Noah’s phone rang as they reached the main road. ‘DS Jake.’
‘Vokey’s sister.’ It was DC Debbie Tanner, calling from the station. ‘Alyson.’
‘She’s been in touch?’ Noah switched the call to speaker.
‘She’s in hospital, unconscious. Found at home with a serious head injury.’
‘When?’ Marnie didn’t take her eyes from the road.
‘Earlier today. Forensics are at her house now.’
‘It’s a crime scene?’ Noah’s neck clenched. ‘He attacked her?’
‘It’s not clear. But given who she is and what’s happening with her brother, they wanted to be sure. DS Joe Coen’s on the ground there. I’ll text you his number.’
‘Thanks. What happened, do they know?’
‘She fell downstairs, or she was pushed. That’s what they’re trying to establish.’
‘She lives alone?’ The traffic demanded her full attention, a fusion of swerving cyclists and entitled cabbies, but Noah could hear Marnie’s brain ticking, working this new angle of the case.
‘Yes, but she has friends close by. They saw her for coffee yesterday morning. She was in her nightie when the police found her, so this must’ve happened before bed last night or first thing this
morning. DS Coen thinks it was yesterday, from what he’s seen inside the house. He sounds like someone who doesn’t miss much. Forensics are still at the scene.’
‘Remind me where she lives?’ Marnie asked.
‘Kendal.’
‘Cumbria,’ Noah said, ‘that’s not far from Lara Chorley.’
A pit stop on Vokey’s journey north to see his big sister? Alyson had told police she’d had no recent contact with her brother. Then their mother’s death, the empty house in probate being used by Michael. His hiding place, full of his obsession. He wouldn’t have wanted it seen by anyone else, not even his sister if they’d fallen out over the lack of a will.
‘Less than an hour away by car,’ Debbie said. ‘I’ve been trying to get hold of Lara, but she’s not answering calls. Local police are paying her a visit. They should be with her soon.’
‘Keswick,’ Marnie said. ‘Is that where she lives?’
‘Near Pooley Bridge. DCS Ferguson’s saying she wants you up there with her, boss. If it’s where Vokey’s gone to ground, she wants us to be the ones who find him.’

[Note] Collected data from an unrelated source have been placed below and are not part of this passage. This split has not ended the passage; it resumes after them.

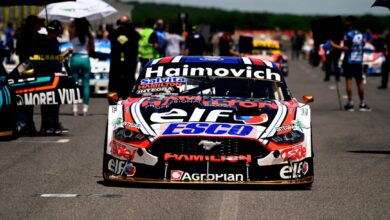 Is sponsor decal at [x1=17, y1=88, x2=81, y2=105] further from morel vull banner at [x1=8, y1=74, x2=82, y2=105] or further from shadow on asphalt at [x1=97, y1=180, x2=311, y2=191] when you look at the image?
shadow on asphalt at [x1=97, y1=180, x2=311, y2=191]

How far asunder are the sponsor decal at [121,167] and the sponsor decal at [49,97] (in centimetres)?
577

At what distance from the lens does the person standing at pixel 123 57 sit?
2009 centimetres

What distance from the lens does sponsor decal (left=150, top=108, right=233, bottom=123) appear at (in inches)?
395

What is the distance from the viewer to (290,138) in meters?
9.98

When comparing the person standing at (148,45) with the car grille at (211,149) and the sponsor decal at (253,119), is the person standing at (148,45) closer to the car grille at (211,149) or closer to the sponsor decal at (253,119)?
the sponsor decal at (253,119)

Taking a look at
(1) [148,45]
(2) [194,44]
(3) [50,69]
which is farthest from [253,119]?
(2) [194,44]

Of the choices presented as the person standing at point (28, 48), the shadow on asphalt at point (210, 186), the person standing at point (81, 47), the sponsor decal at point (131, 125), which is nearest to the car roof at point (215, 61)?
the sponsor decal at point (131, 125)

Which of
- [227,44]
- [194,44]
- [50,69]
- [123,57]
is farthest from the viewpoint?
[194,44]

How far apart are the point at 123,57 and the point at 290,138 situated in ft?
34.3

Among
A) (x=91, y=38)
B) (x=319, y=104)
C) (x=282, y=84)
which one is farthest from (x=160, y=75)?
(x=319, y=104)

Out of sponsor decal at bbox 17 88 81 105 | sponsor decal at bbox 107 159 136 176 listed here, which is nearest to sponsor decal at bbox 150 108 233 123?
sponsor decal at bbox 107 159 136 176

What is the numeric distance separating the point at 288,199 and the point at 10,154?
477cm

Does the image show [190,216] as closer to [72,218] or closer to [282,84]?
[72,218]

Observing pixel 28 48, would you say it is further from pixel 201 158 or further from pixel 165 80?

Noah could imagine how that would play with DS Coen and Cumbria CID. Ferguson was on a mission to bring Vokey back to a secure cell in HMP Cloverton, wiping clean the Met’s copybook in the process, but this tactic was a tricky one, London detectives turning up to show the locals how it was done. In Marnie’s place, Noah would have run a mile from that scenario.
‘Let’s speak with DS Coen.’ Marnie checked the car’s mirrors. ‘And let’s wait for news of Lara. I don’t want to duplicate effort on the ground if they’ve got it covered, certainly not before we know for certain Michael was involved in his sister’s accident. Call as soon as you hear from the local police. Has Ron been able to get hold of Ruth Hull?’